Italy/France/USA, 2005. Wild Bunch, Associated Film, Central Films, De Nigris Productions, Surreel. Screenplay by Abel Ferrara, Mario Isabella, Simone Lageoles, Scott Pardo. Cinematography by Stefano Falivene. Produced by Roberto De Nigris, Fernando Sulichin, David Hausen. Music by Francis Kuipers. Production Design by Frank DeCurtis. Costume Design by Frank DeCurtis, Silvia Nebiolo. Film Editing by Patrizio Marone, Adam Mcclelland, Fabio Nunziata, Langdon Page, Yuka Ruell. Toronto International Film Festival 2005. Venice Film Festival 2005.

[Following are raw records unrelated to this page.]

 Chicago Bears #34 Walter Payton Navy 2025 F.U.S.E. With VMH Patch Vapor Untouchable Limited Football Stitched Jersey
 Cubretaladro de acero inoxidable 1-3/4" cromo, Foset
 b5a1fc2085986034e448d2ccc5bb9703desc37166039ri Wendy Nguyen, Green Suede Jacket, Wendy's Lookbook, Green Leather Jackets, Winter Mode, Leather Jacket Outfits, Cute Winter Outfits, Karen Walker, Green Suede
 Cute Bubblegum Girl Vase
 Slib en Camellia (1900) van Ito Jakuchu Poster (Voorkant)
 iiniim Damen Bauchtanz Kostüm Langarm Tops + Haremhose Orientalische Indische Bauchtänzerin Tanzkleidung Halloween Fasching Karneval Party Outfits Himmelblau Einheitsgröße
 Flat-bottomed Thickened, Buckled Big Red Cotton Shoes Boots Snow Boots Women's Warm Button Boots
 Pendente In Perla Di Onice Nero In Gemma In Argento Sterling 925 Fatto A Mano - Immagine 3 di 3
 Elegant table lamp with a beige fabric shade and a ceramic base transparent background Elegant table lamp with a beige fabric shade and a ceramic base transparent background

Abel Ferrara goes for just the right tone, execution and attitude in this absorbing film, but it’s a shame he doesn’t go as far with its concept as he could have. After completing the filming of a religious epic that bases its presentation of the life of Christ on the recently found gospel of Mary Magdalene, a director (Matthew Modine) returns to the United States to promote his movie amid huge controversy while his leading actress (a mesmerizing Juliette Binoche) abandons her career and seeks enlightenment in Israel. The film then switches to the story of a television journalist (Forest Whitaker) who interviews Modine for his weeklong program on religion in the modern day and probes into his own personal strife with his pregnant wife (Heather Graham, who is excellent) and struggles with faith. Ferrara could have made a much more explosive and educational film, but instead touches the surface of everything he shows and then leaves the rest to the viewer’s own thoughts; a tame Abel Ferrara is definitely not something one either expects or wants. The scenes with Binoche portraying Mary Magdalene (who, as we learn here, was more likely another disciple of Jesus’ and not the whore of yesteryear or lover of modern day thinking), are fantastic.